Fermoy is one of 38 areas across the country to take part in the latest survey on school patronage following a pilot exercise last year that saw parents in five areas vote in favour of greater choice.
As a direct result of that the Catholic Church, which controls more than 90% of Ireland's 3,000 national schools, has been asked to hand over one school in each of the five areas to Educate Together. This after the multi-denominational body had been cited within the survey as having most support as an alternative patron.
This latest survey will see the parents of all children up to 12years-old within the 38 areas being asked if they would like to see change and if so, who they would like to see operating their local national schools.
The initiative follows on from the recommendations of the Forum on Patronage and Pluralism in the Primary Sector.

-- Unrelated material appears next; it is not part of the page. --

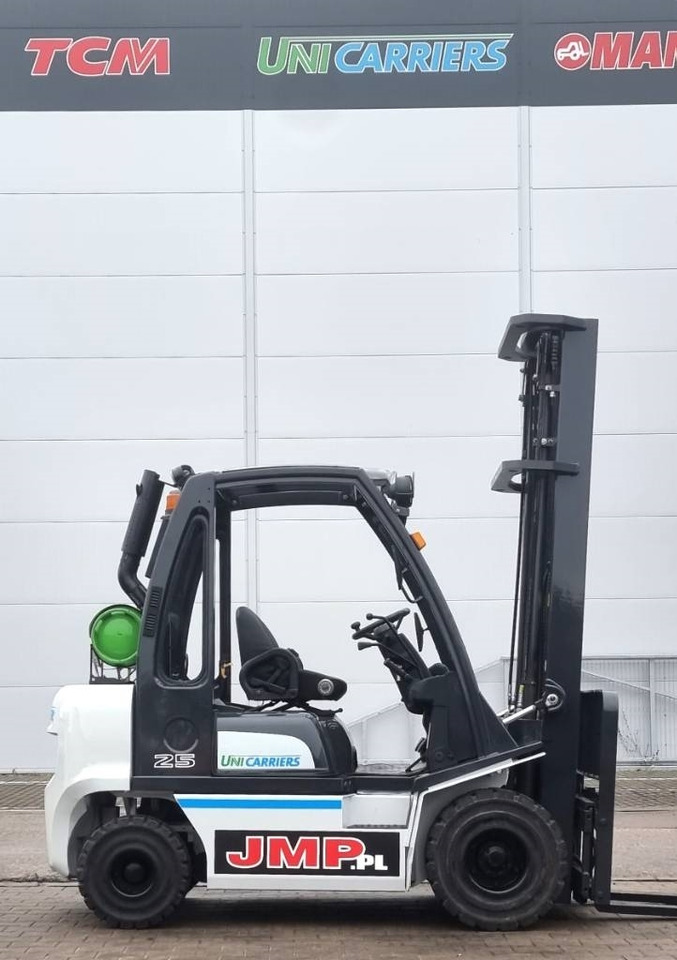 UniCarriers U1D2A25LQ DX25 - LPG forklift: fotoğraf 4 UniCarriers U1D2A25LQ DX25 - LPG forklift: fotoğraf 4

Education Minister Ruiari Quinn described the initiative as an "historic opportunity for parents to have a real say in the type of school they wish to send their children to."
He admitted there was "little prospect" of any new schools opening in Fermoy or the other 37 areas included within the survey.
"However, if parents demonstrate that they want a greater choice of primary school, then we will work with existing patrons to ensure they can send their children to a school that best reflects their own ethos and beliefs.
The bodies that have expressed a desire to take over schools include the VECs, AN Foras Patrunachta, Educate Together and the National Leaning Network.
The survey went live this week at www.education.ie and will continue until February 8.
It will be accompanied by an information campaign that will include a leaflet drop to households and adverts in local media.
The Department will publish the outcome of the survey once the responses have been collated.
Meanwhile, Minister Quinn said he does not expect the transfer of schools within areas requesting change to take place before the end of 2014.
"The process will begin as soon as we have the details of the survey available and we will convey that to church authorities by the end of February," said Mionister Quinn.
"They will have six months to consider how they are going to implement the findings," he added.